The resulting cluster patterns exhibit fractal characteristics.

The introduced method can measure the phenomenon's dimensionality.

Abstract

Surface probes such as scanning tunneling microscopy (STM) have detected complex patterns at the nanoscale, indicative of electronic inhomogeneity, in a variety of high temperature superconductors. In cuprates, the pattern formation is associated with the pseudogap phase, a precursor to the high temperature superconducting state. Symmetry breaking (i.e. from C4 to C2) in the form of electronic nematicity has recently been implicated as a unifying theme of the pseudogap phase,[1] however the fundamental physics governing the nanoscale pattern formation has not yet been identified. Here we use universal cluster properties extracted from STM studies of cuprate superconductors in order to identify the fundamental physics controlling the complex pattern formation.
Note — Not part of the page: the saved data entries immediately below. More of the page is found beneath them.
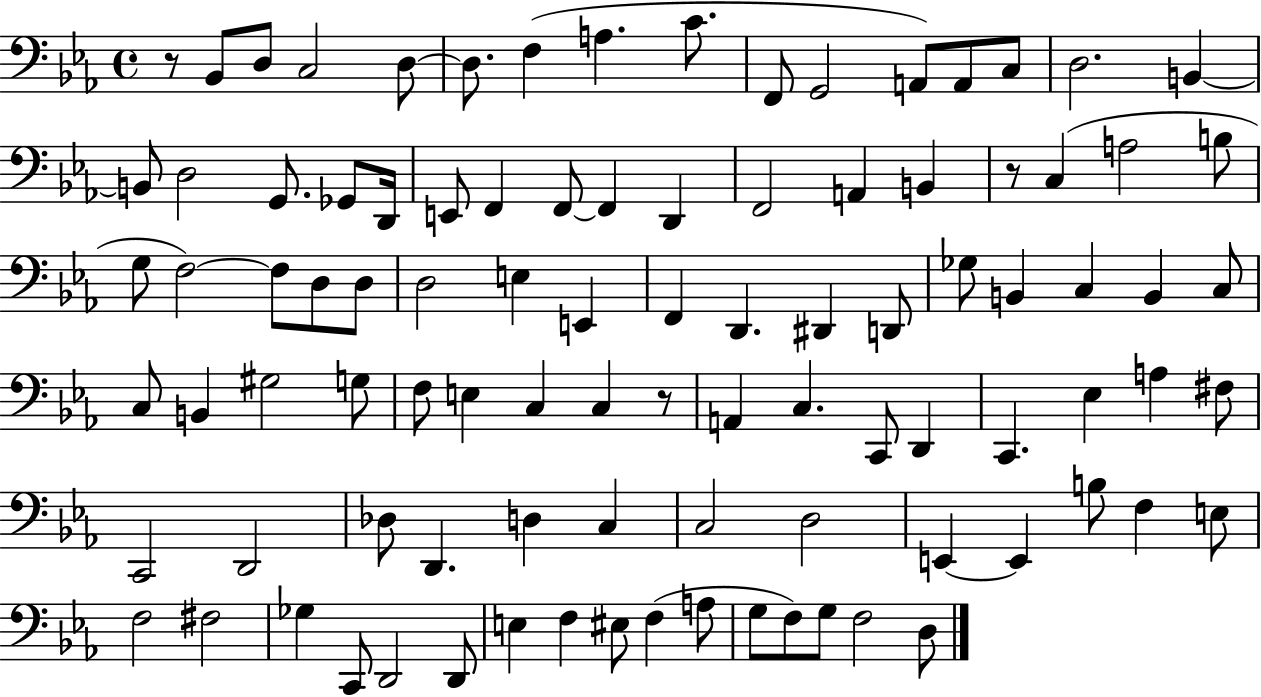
R/e Bb2/e D3/e C3/h D3/e D3/e. F3/q A3/q. C4/e. F2/e G2/h A2/e A2/e C3/e D3/h. B2/q B2/e D3/h G2/e. Gb2/e D2/s E2/e F2/q F2/e F2/q D2/q F2/h A2/q B2/q R/e C3/q A3/h B3/e G3/e F3/h F3/e D3/e D3/e D3/h E3/q E2/q F2/q D2/q. D#2/q D2/e Gb3/e B2/q C3/q B2/q C3/e C3/e B2/q G#3/h G3/e F3/e E3/q C3/q C3/q R/e A2/q C3/q. C2/e D2/q C2/q. Eb3/q A3/q F#3/e C2/h D2/h Db3/e D2/q. D3/q C3/q C3/h D3/h E2/q E2/q B3/e F3/q E3/e F3/h F#3/h Gb3/q C2/e D2/h D2/e E3/q F3/q EIS3/e F3/q A3/e G3/e F3/e G3/e F3/h D3/e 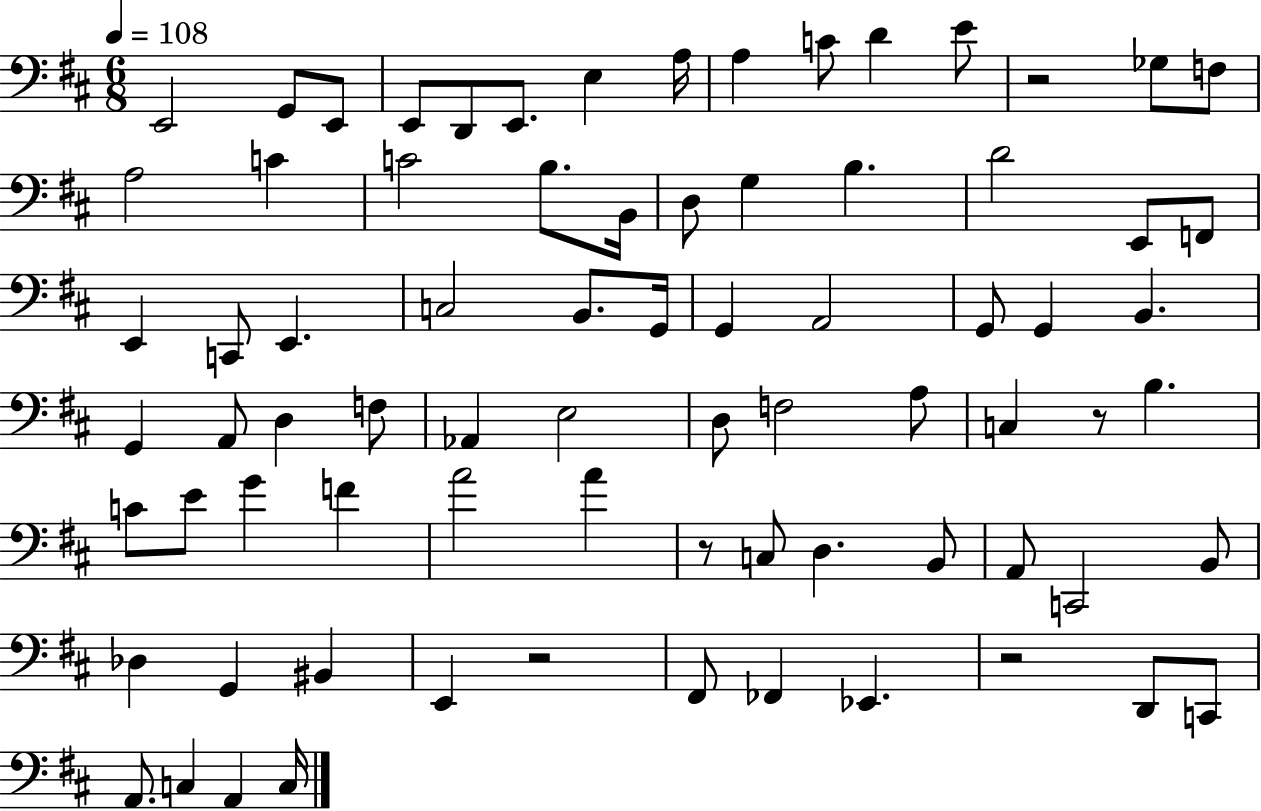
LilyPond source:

{
  \clef bass
  \numericTimeSignature
  \time 6/8
  \key d \major
  \tempo 4 = 108
  e,2 g,8 e,8 | e,8 d,8 e,8. e4 a16 | a4 c'8 d'4 e'8 | r2 ges8 f8 | \break a2 c'4 | c'2 b8. b,16 | d8 g4 b4. | d'2 e,8 f,8 | \break e,4 c,8 e,4. | c2 b,8. g,16 | g,4 a,2 | g,8 g,4 b,4. | \break g,4 a,8 d4 f8 | aes,4 e2 | d8 f2 a8 | c4 r8 b4. | \break c'8 e'8 g'4 f'4 | a'2 a'4 | r8 c8 d4. b,8 | a,8 c,2 b,8 | \break des4 g,4 bis,4 | e,4 r2 | fis,8 fes,4 ees,4. | r2 d,8 c,8 | \break a,8. c4 a,4 c16 | \bar "|."
}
We find that the pattern formation is set by a delicate balance between disorder and interactions, leading to a fractal nature of the cluster pattern. The method introduced here may be extended to a variety of surface probes, enabling the direct measurement of the dimension of the phenomenon being studied, in order to determine whether the phenomenon arises from the bulk of the material, or whether it is confined to the surface.